Work order. The entries below are to be restated exactly, and their images are to be omitted.

Records excerpted from a collection
══════
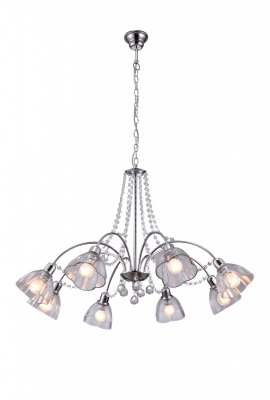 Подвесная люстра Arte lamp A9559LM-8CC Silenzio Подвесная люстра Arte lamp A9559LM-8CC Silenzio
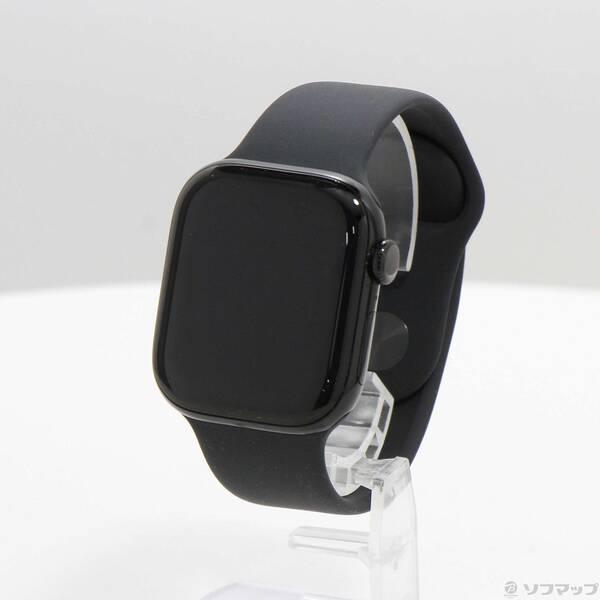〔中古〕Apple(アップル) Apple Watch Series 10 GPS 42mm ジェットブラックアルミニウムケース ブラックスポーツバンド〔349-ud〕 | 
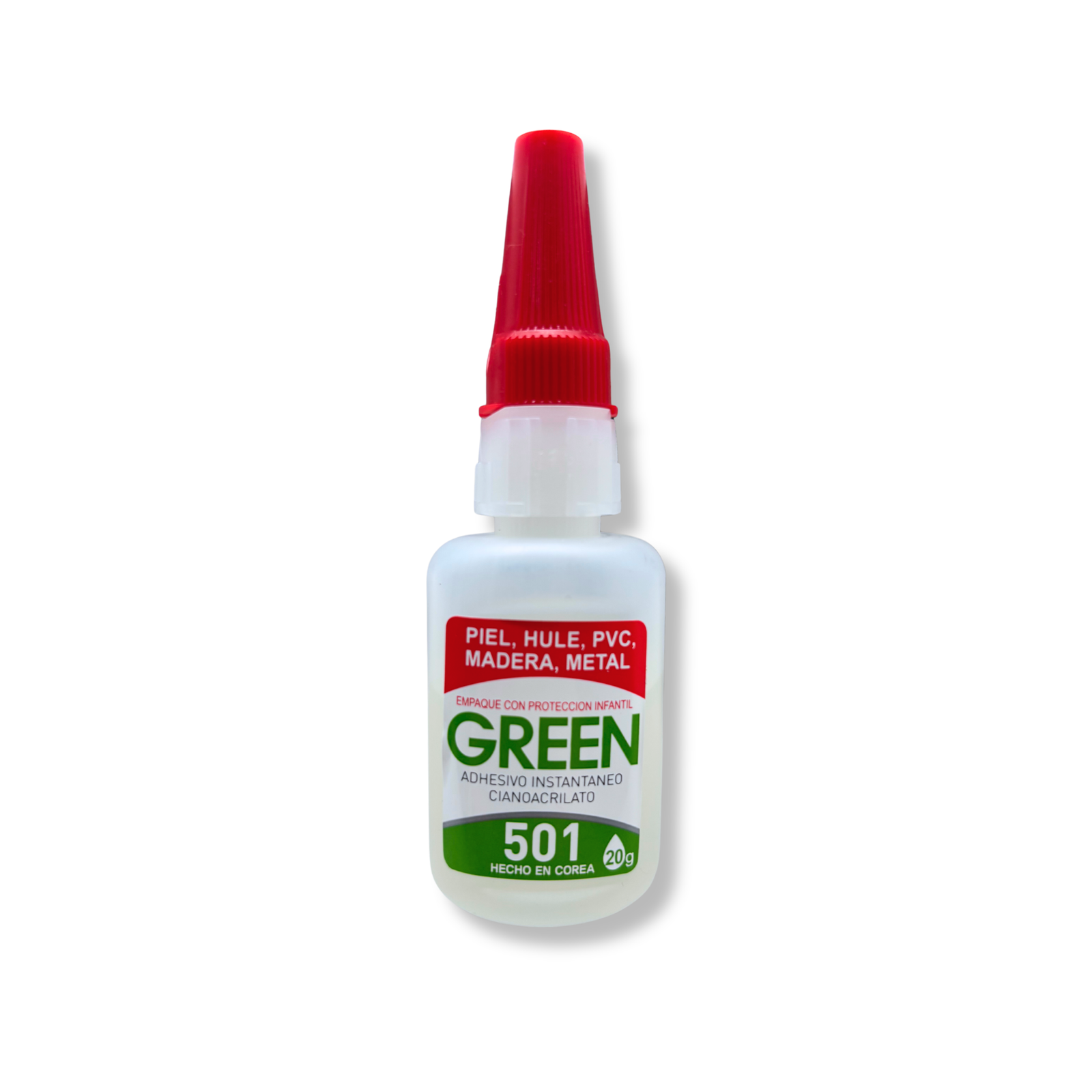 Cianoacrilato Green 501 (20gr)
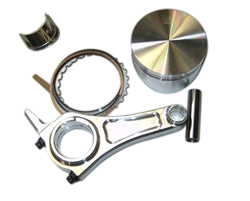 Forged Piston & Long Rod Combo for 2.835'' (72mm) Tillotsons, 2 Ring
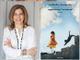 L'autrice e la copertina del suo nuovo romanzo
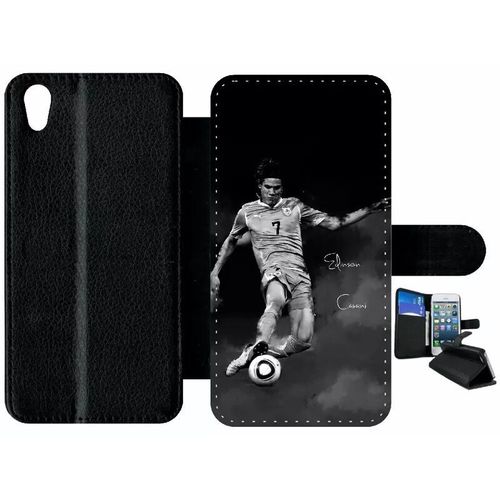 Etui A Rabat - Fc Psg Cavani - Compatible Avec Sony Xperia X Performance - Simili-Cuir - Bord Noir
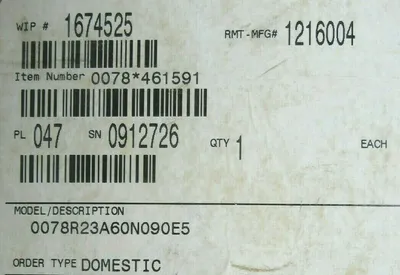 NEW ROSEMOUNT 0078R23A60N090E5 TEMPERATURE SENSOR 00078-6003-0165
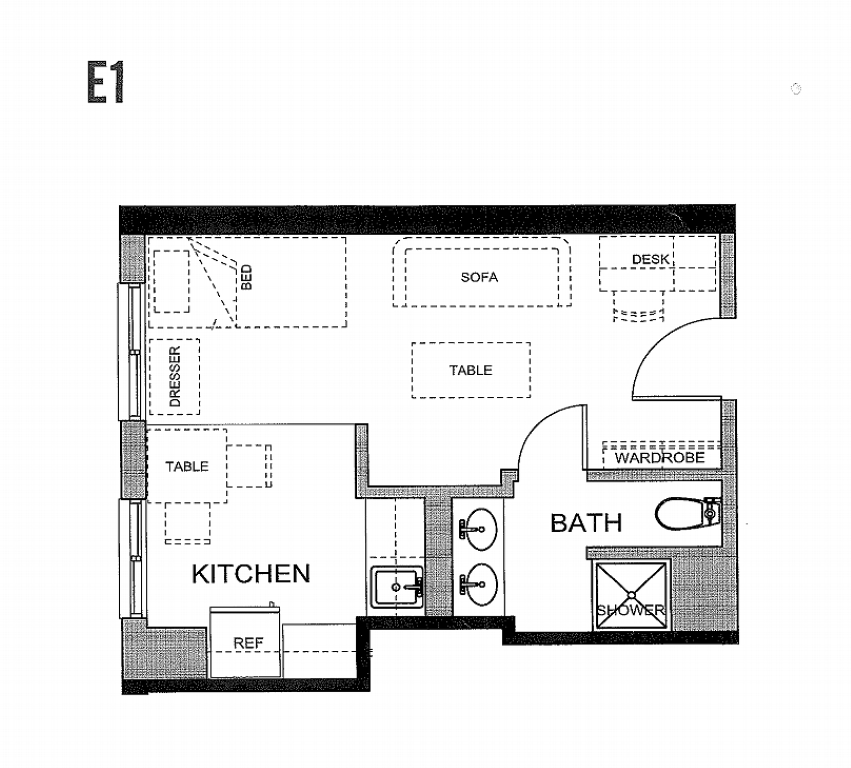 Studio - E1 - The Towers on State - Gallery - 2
══════
Problem solution.
 Подвесная люстра Arte lamp A9559LM-8CC Silenzio Подвесная люстра Arte lamp A9559LM-8CC Silenzio
〔中古〕Apple(アップル) Apple Watch Series 10 GPS 42mm ジェットブラックアルミニウムケース ブラックスポーツバンド〔349-ud〕 | 
 Cianoacrilato Green 501 (20gr)
 Forged Piston & Long Rod Combo for 2.835'' (72mm) Tillotsons, 2 Ring
 L'autrice e la copertina del suo nuovo romanzo
 Etui A Rabat - Fc Psg Cavani - Compatible Avec Sony Xperia X Performance - Simili-Cuir - Bord Noir
 NEW ROSEMOUNT 0078R23A60N090E5 TEMPERATURE SENSOR 00078-6003-0165
 Studio - E1 - The Towers on State - Gallery - 2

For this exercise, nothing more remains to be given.